In short, our memories help to form our identity. They are needed. But they are needed because they are a part of healing. They are needed because they produce justice by acknowledging the reality of wrongs, linking us with other victims, and protecting victims from further violence.
But remembering wrongly can also wound, breed indifference, reinforce false identities, and re-injure.
Remembering wrongly is what happens when we allow ourselves to become obsessed with the distinction between victim and violator. Remembering wrongly happens when we allow the memory of wrongdoing to strengthen our anger and resentment. Remembering wrongly occurs when we become men and women who build barriers between victim and violator rather than seeking to tear them down.
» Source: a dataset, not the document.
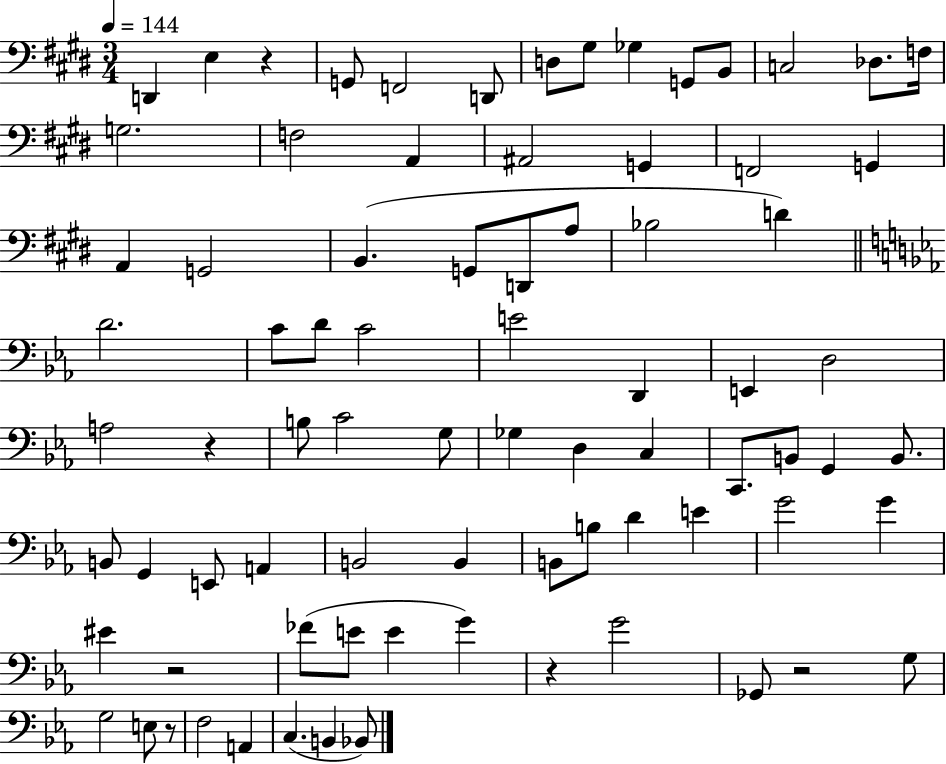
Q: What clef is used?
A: bass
Again, this is not to suggest that we should not do any remembering at all. No doubt, “to remember a wrongdoing is to struggle against it.” Acknowledgement cannot be skipped. The evil of violators must be exposed and justice brought forward.
But, we too often subscribe to the narrative that further violence is a path to justice, or that further violence and wrongdoing (directed now at the perpetrator) somehow serve the victim. So, How should we remember?
How should Christians remember?
We must remember truthfully, and we must remember so as to heal, Volf suggests.
The remembering we must learn to embrace is a “remembering that is truthful and just, that heals individuals without injuring others, that allows the past to motivate a just struggle for justice and the grace-filled work of reconciliation” (128).
If, as Christians, we believe that the ultimate goal of creation is a reconciliation of all things, the full and utter reparation of the world, all things being set to rights, then it ought to also follow that we pursue this kind of reconciliation in the present. Though we anticipate full reconciliation as a future reality, our understanding of who God is and what his justice looks like ought to leave our notions of payback and retribution and so-called justice quivering in their inadequacy.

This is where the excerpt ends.